Dissemination and Adoption of Comparative Effectiveness Research Findings When Findings Challenge Current Practices. Chapter Eight: Policy Implications of the Case-Study Results

01/01/2013

The federal investment in CER has many objectives. In contrast to the traditional research agenda defined by a peer-review process in which research priorities are based primarily on the novelty and scientific interest of the topic, the CER agenda is supposed to be set by a broader set of stakeholders. Providing better evidence to support the decisions of clinicians and patients, thereby making healthcare delivery more effective and efficient, is the overarching goal envisioned by the architects of CER.

Translation of research into practice is not a new concern. Since the dawn of scientific medicine, physicians have noted the difficulty of changing established patterns of practice on the basis of scientific evidence. In at least the past two decades, many efforts, including evidence-based medicine, quality measurement, quality improvement, and electronic clinical decision support, to name a few, have focused on improving the manner in which healthcare is delivered, overcoming what Eisenberg referred to as “voltage drops” along the pathway from scientific knowledge to clinical practice (Eisenberg and Power, 2000). More recently, implementation science has come into its own as a field of study.

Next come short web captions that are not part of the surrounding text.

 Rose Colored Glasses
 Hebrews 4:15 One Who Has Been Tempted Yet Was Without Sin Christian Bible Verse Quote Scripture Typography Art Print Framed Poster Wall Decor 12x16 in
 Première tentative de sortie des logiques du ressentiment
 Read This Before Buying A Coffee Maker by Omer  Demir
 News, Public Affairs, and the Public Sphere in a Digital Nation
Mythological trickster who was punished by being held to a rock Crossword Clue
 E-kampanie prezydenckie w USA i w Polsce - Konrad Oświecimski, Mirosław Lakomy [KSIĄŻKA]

The case studies in this report led us to conclude that the translation of CER research into practice comprises five phases: generation, interpretation, formalization, dissemination, and implementation. Under some circumstances, CER evidence can move through these five phases relatively quickly, but in many cases, the evidence languishes or is never implemented at all. Our case studies suggest that the pathway through the five phases is arduous and that there is a high risk that CER evidence will fail to influence practice.

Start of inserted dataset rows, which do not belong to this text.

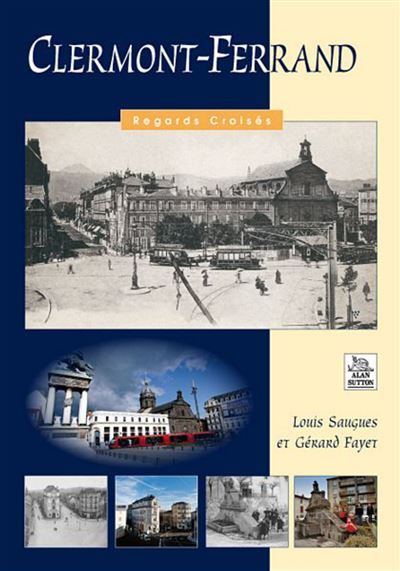 Clermont-Ferrand - Regards Croisés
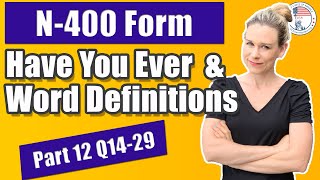 2024 US Citizenship Interview Common Questions Vocabulary Definitions Part 12 Q14-29 N400 screenshot 4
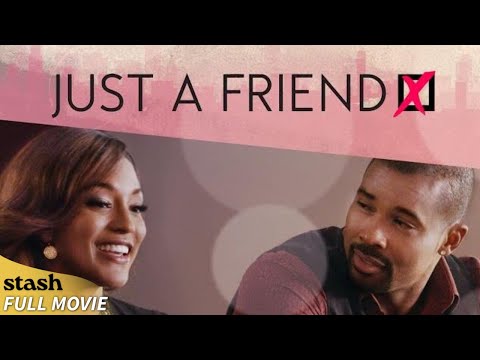 Just a Friend | Romantic Comedy | Full Movie | Relationship Goals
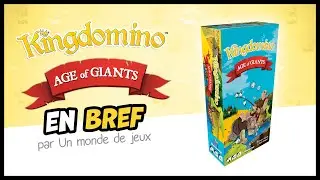 Kingdomino Age of giants, en bref par Bruno Cathala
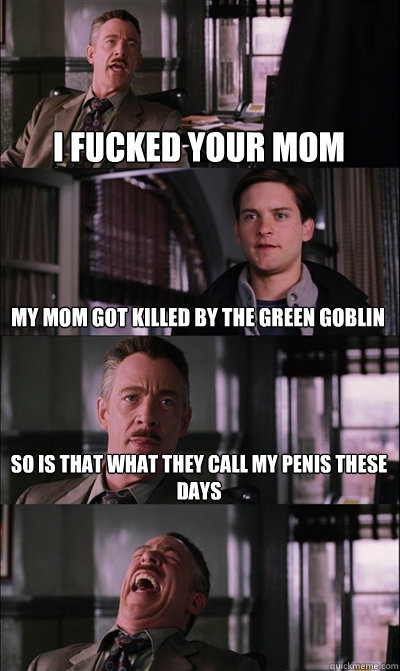I fucked your mom My mom got killed by the green goblin so is that what they call my penis these days  - I fucked your mom My mom got killed by the green goblin so is that what they call my penis these days   JJ Jameson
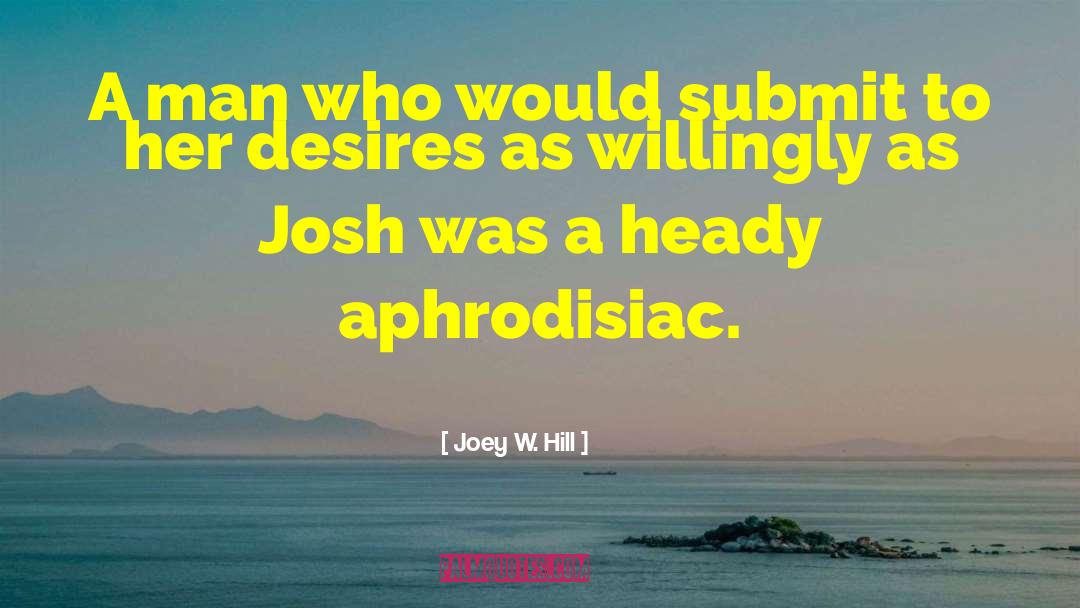 Aphrodisiac quotes by Joey W. Hill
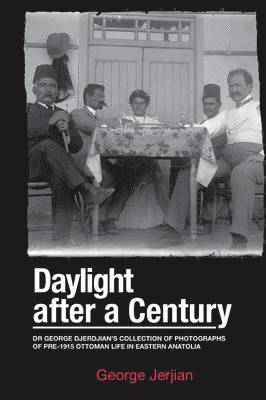 George Jerjian - Daylight After a Century, Häftad. Tillgänglighet: Lägg i varukorg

Chapter Seven summarized our analysis of the root causes of the failure to translate CER evidence into clinical practice. While these are formidable, they are not insurmountable. In this chapter, we reflect on the policy implications of the case studies and identify policy options that can address the root causes of failure and promote more effective translation of CER evidence into local practice settings. We begin with a description of the infrastructure that would enable effective translation, and we then suggest policy options that could be deployed in the following areas: governance, standards, financing, professionalism, marketing and education, and research and evaluation. The list of options is not intended to be an exhaustive or detailed policy prescription. Rather, we believe that our case studies have identified some of the high-leverage opportunities that policymakers, including members of PCORI, may find useful as they chart a course forward.